1. Real-time Hand Gesture Recognition (Python & MediaPipe):

The core of the interaction relies on accurately detecting and interpreting hand gestures in real-time. Google’s MediaPipe framework was chosen for its efficiency and comprehensive solutions for on-device vision tasks.

• MediaPipe Gesture Recognizer: Instead of solely relying on raw landmark data, this project leveraged MediaPipe’s integrated GestureRecognizer task. This task combines the powerful HandLandmarker (which identifies 21 key hand landmarks) with a pre-trained classification model. This model is capable of recognizing a set of common static hand gestures directly from the image or video stream.
• Python Script & Webcam Input: A Python script utilized the OpenCV library (cv2) to capture the video feed from a standard webcam. Each frame was then processed by the MediaPipe GestureRecognizer.
• Gesture Classification & Output: The GestureRecognizer directly outputs the classification results, typically including a category name (e.g., Peace, ThumbsUp, OpenPalm etc) and a confidence score for the most likely gesture detected in the frame. The Python script simply extracted the name of the highest-scoring recognized gesture above a certain confidence threshold to ensure reliability. This significantly simplified the process compared to manually implementing classification logic based on landmark coordinates. If no gesture was recognized with sufficient confidence, a default state was reported.

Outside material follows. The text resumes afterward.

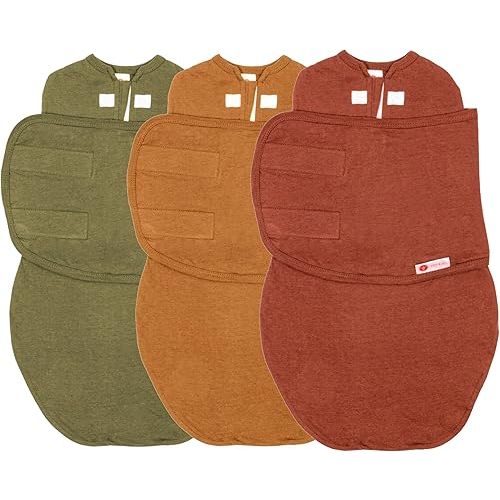 embé 3-Pack Starter Swaddle Blanket Wrap for Babies 0-3 Months / 6-14 lbs - Rust, Sand, Moss | Legs in & Out Design | Arms Tucked in | Stage 1 Sleep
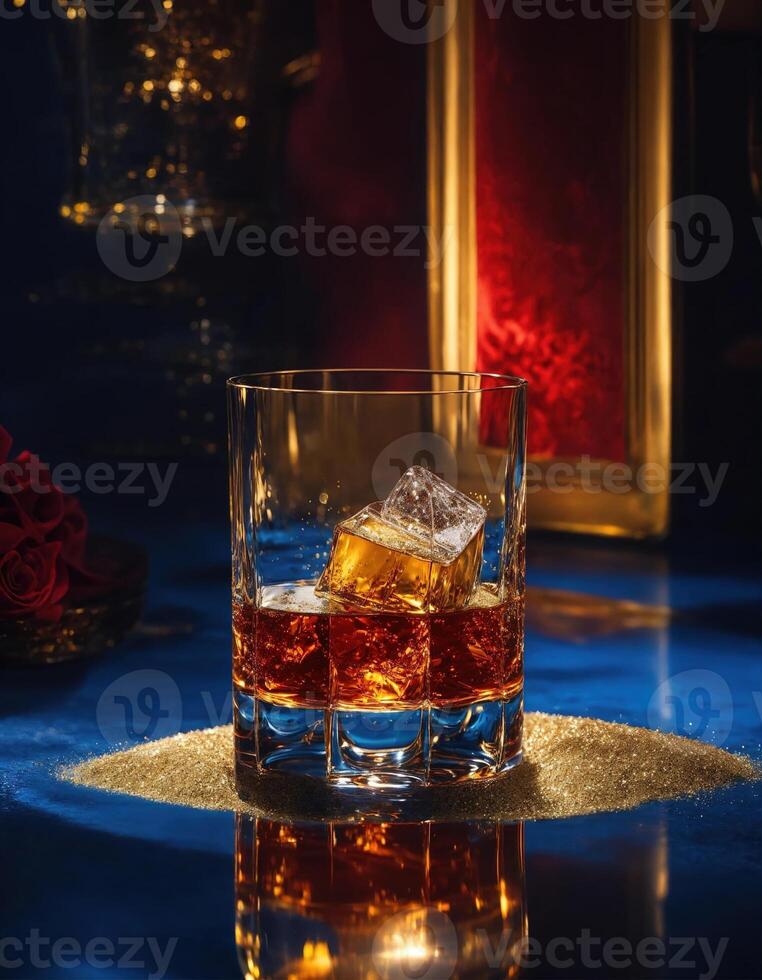 AI generated a glass of whiskey with ice and splashes. Golden sparkles background. ai generative photo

2. Bridging Python and Unreal Engine (OSC Communication):

A seamless, low-latency communication channel was needed to send the recognized gestures from the Python script to Unreal Engine.

• OSC Protocol: Open Sound Control (OSC) was chosen for its lightweight nature, speed, and my experience with OSC from past projects. It’s well-suited for sending discrete event messages like recognized gestures.
• Python OSC Client: The python-osc library was used within the Python script. Upon recognizing a gesture, the script formatted an OSC message with a specific address pattern (/gesture/gesture) and an argument carrying the gesture name as a string (e.g. peace. thumpbsup etc). This message was sent via UDP to the local IP address and a designated port where Unreal Engine was listening.
• Unreal Engine OSC Server: Inside Unreal Engine, the default OSC Plugin was configured to listen for incoming messages on the specified UDP port.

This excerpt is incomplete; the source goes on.